Bison just can't seem to pass up a good back scratch. Their zest for rubbing against any vertical object is legendary, having resulted in many a toppled telegraph pole in the early days of America's settlement west. Today, Rocky Mountain Arsenal National Wildlife Refuge and the City of Aurora, Colorado, have teamed up to provide the refuge's bison herd with perfect rubbing posts: worn-out street-sweeping brushes.

Aurora maintenance officials go through about 120 street sweeping brushes a year. Instead of sending them to the local landfill, they have been giving them away to folks looking to provide their horse, llamas, or other livestock with scratching posts. Now the national wildlife refuge bison are in luck.

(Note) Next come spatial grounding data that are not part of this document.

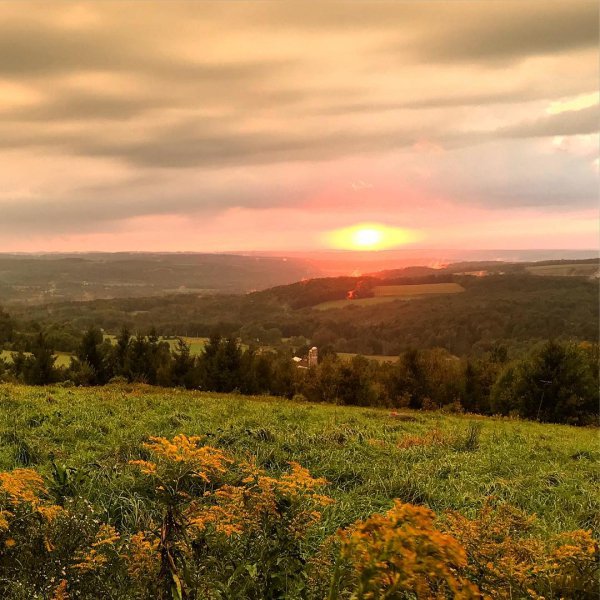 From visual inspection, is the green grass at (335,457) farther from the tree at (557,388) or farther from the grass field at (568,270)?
A: the grass field at (568,270)

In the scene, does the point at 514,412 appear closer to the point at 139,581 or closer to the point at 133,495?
the point at 133,495

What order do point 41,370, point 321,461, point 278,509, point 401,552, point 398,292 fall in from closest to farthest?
1. point 401,552
2. point 278,509
3. point 321,461
4. point 41,370
5. point 398,292

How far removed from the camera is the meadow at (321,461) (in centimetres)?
673

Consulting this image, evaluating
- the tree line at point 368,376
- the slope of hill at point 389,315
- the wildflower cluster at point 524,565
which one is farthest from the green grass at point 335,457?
the slope of hill at point 389,315

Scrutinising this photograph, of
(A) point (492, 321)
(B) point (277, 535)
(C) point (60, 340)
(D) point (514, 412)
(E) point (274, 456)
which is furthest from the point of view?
(A) point (492, 321)

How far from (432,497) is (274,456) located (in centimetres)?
333

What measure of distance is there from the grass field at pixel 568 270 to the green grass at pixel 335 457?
579ft

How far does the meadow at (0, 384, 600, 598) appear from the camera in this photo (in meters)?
6.73

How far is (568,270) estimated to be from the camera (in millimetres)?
179500

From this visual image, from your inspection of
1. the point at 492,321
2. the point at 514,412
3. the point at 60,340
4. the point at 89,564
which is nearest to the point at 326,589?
the point at 89,564

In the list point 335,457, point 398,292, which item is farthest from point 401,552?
point 398,292

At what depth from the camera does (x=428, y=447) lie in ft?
40.1

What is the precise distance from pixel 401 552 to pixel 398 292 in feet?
524

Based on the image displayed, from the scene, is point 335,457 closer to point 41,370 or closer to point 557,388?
point 557,388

The refuge has scattered 10 circular scrub brushes scattered throughout its 1,460 acres, secured upright with the help of Boy Scouts. Five feet in diameter and made up of stiff plastic bristles, the brushes are proving strong enough to withstand repeated, vigorous rubbings by the bison, the largest of which weigh some 1,500 pounds.

Rocky Mountain Arsenal National Wildlife Refuge is located 11 miles outside of downtown Denver. In addition to the bison herd, the refuge is home to prairie dogs deer, coyotes, burrowing owls, and bald eagles.